● DATA EXTRACT
********************

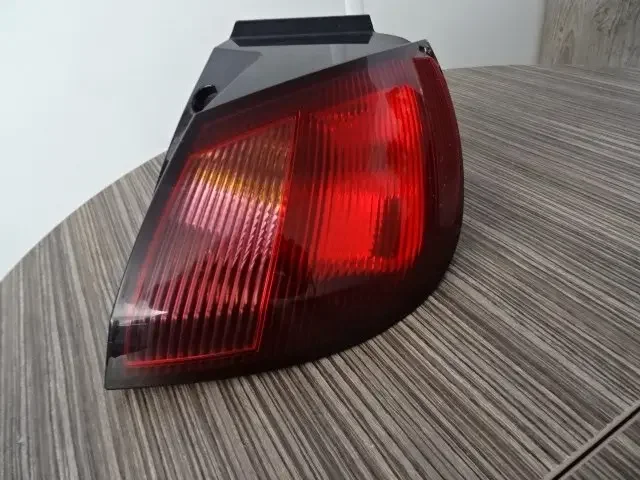 Szezonális akció Achterlicht Mitsubishi Colt bj 2010 rechts 3 deurs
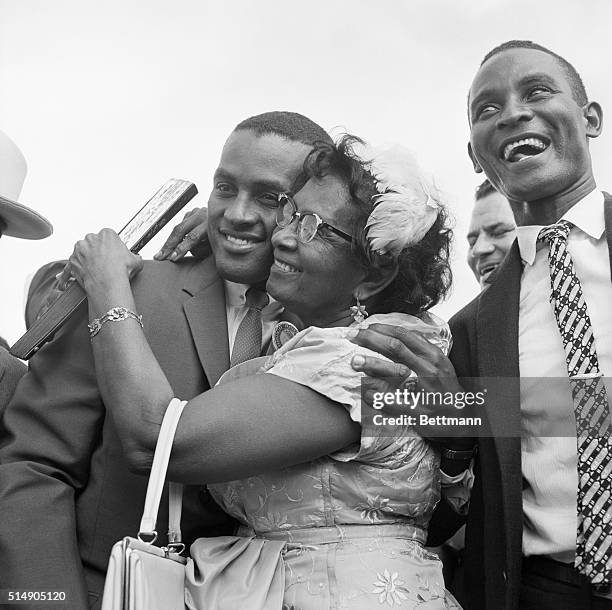 San Juan, Puerto Rico: Thousands turned out at the airport to welcome major league baseball stars Orlando Cepeda and Robert Clemente on their return...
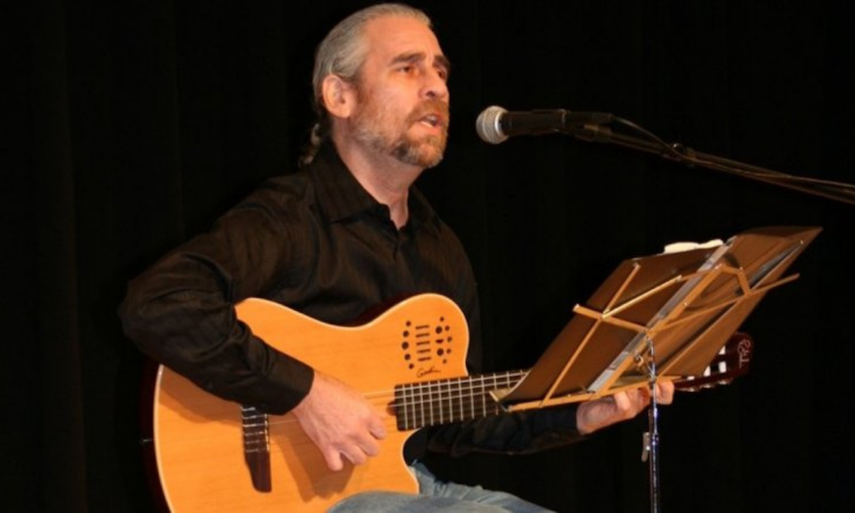 El cantautor Mike Porcel, durante un concierto.&nbsp;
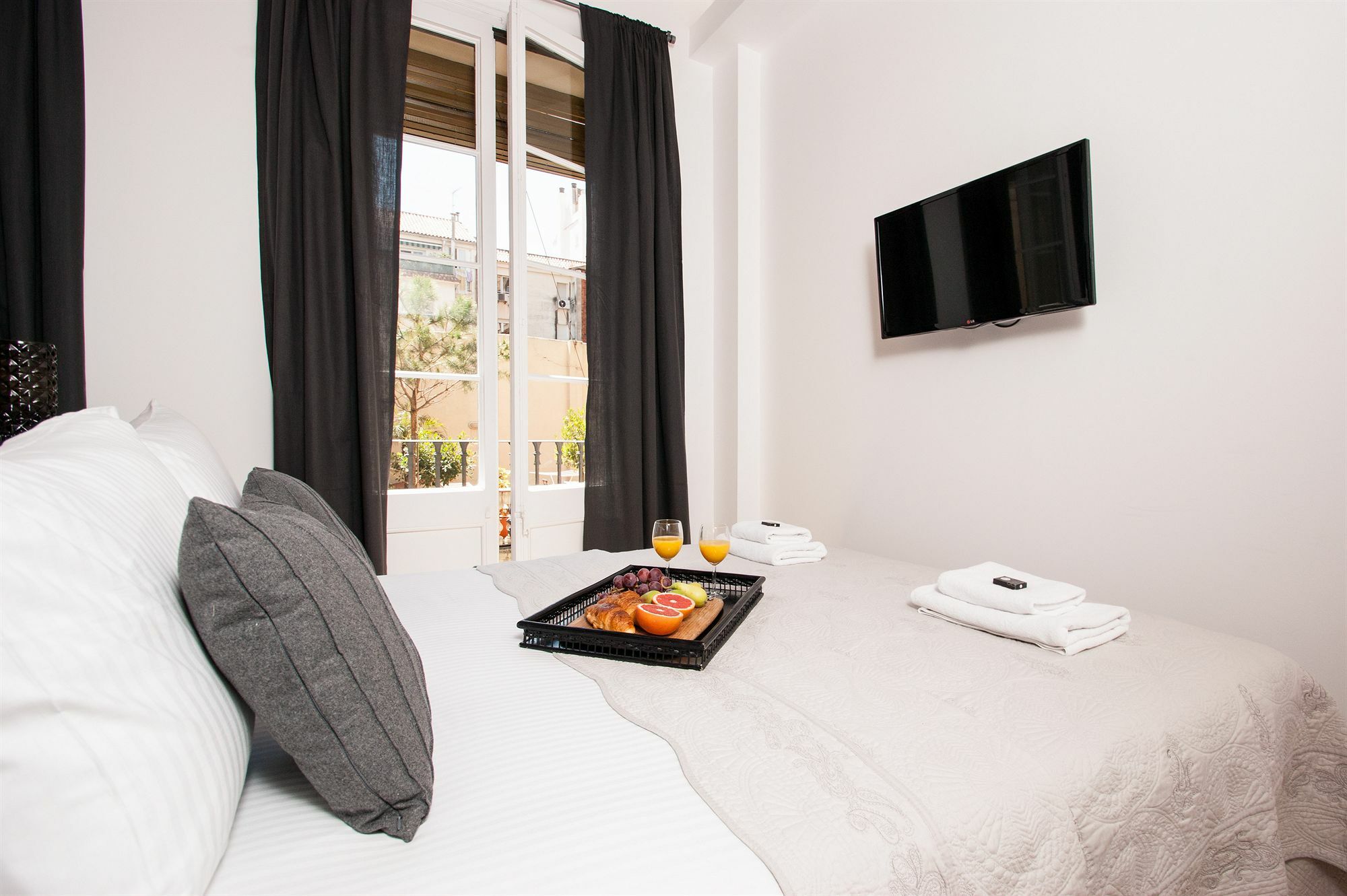 Short Stay Group Gracia Serviced Apartments Barcelona Buitenkant foto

********************

● ABOUT THIS EXERCISE
This task calls for an exact copy of the data above, without pictures.

● EXERCISE RESULT
 Szezonális akció Achterlicht Mitsubishi Colt bj 2010 rechts 3 deurs
 San Juan, Puerto Rico: Thousands turned out at the airport to welcome major league baseball stars Orlando Cepeda and Robert Clemente on their return...
 El cantautor Mike Porcel, durante un concierto.&nbsp;
 Short Stay Group Gracia Serviced Apartments Barcelona Buitenkant foto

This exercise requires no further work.